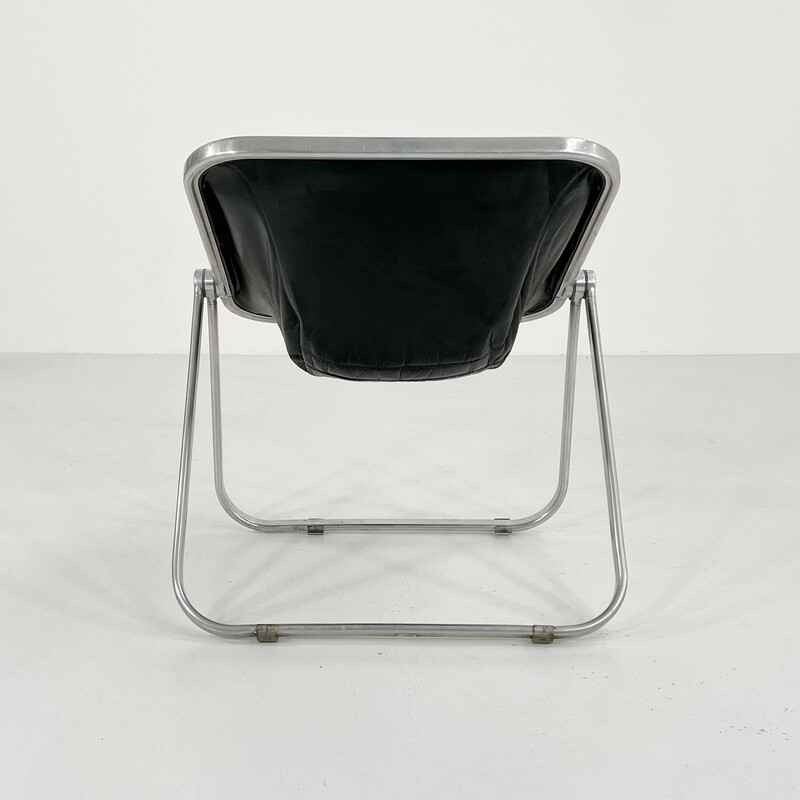 Vintage Plona chair in black leather by Giancarlo Piretti for Castelli, 1970s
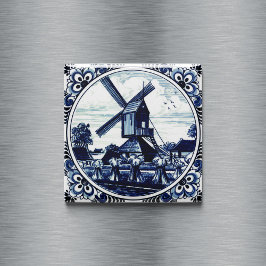 Imán Pintura Delft Blue Windmill y Haystacks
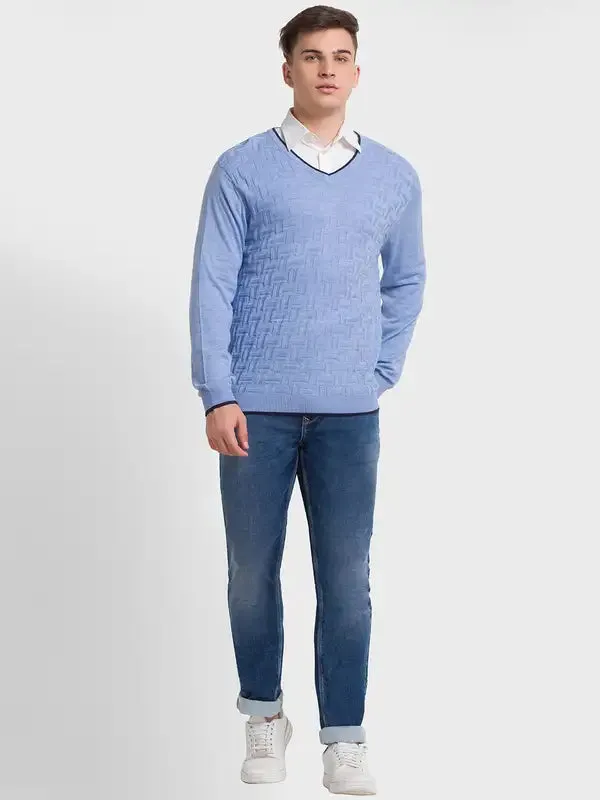 Men Blue Tailored Fit Structure Acrylic Merino Blend Full Sleeve V Neck Collar Sweaters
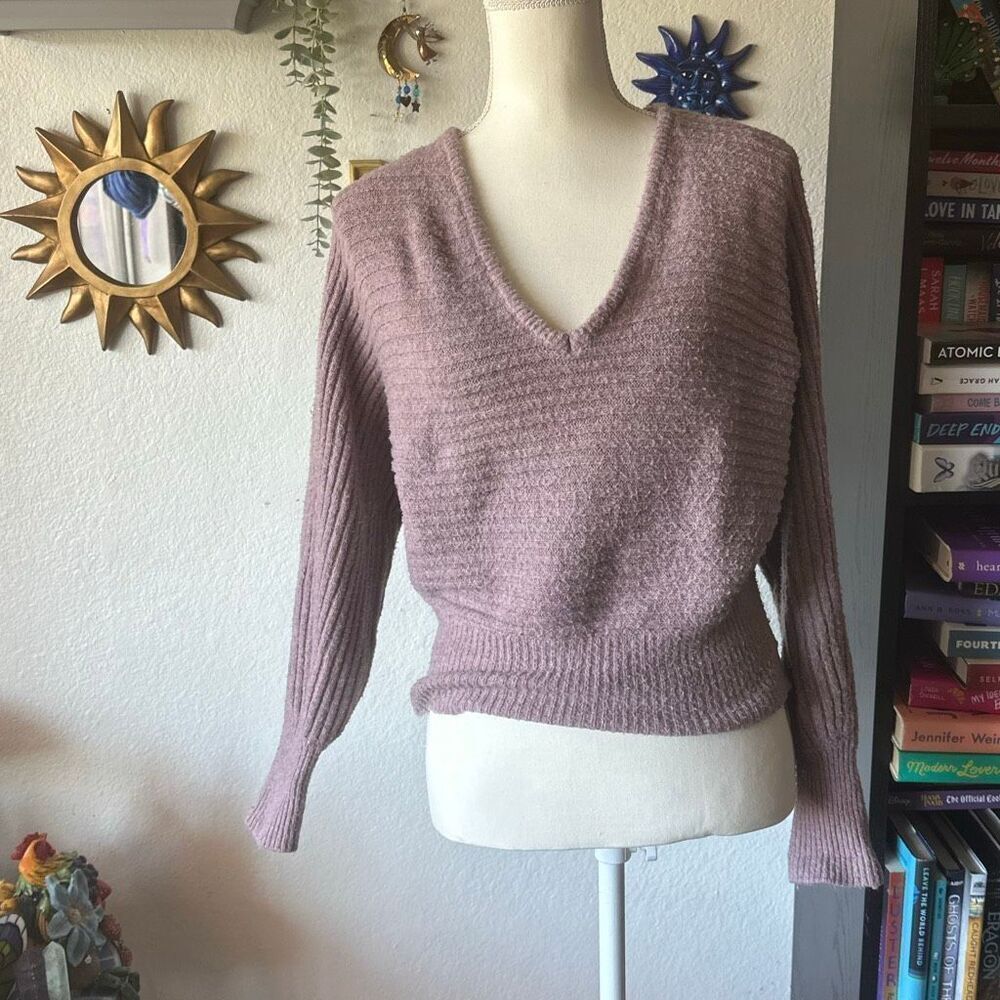 Pink Rose Size Small Purple Knit Pullover Sweater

Instructions to follow
The range to set down runs from the line containing "Men Blue Tailored" through the final line of the data, both ends included; give it exactly and drop the pictures.

Result for this exercise
 Men Blue Tailored Fit Structure Acrylic Merino Blend Full Sleeve V Neck Collar Sweaters
 Pink Rose Size Small Purple Knit Pullover Sweater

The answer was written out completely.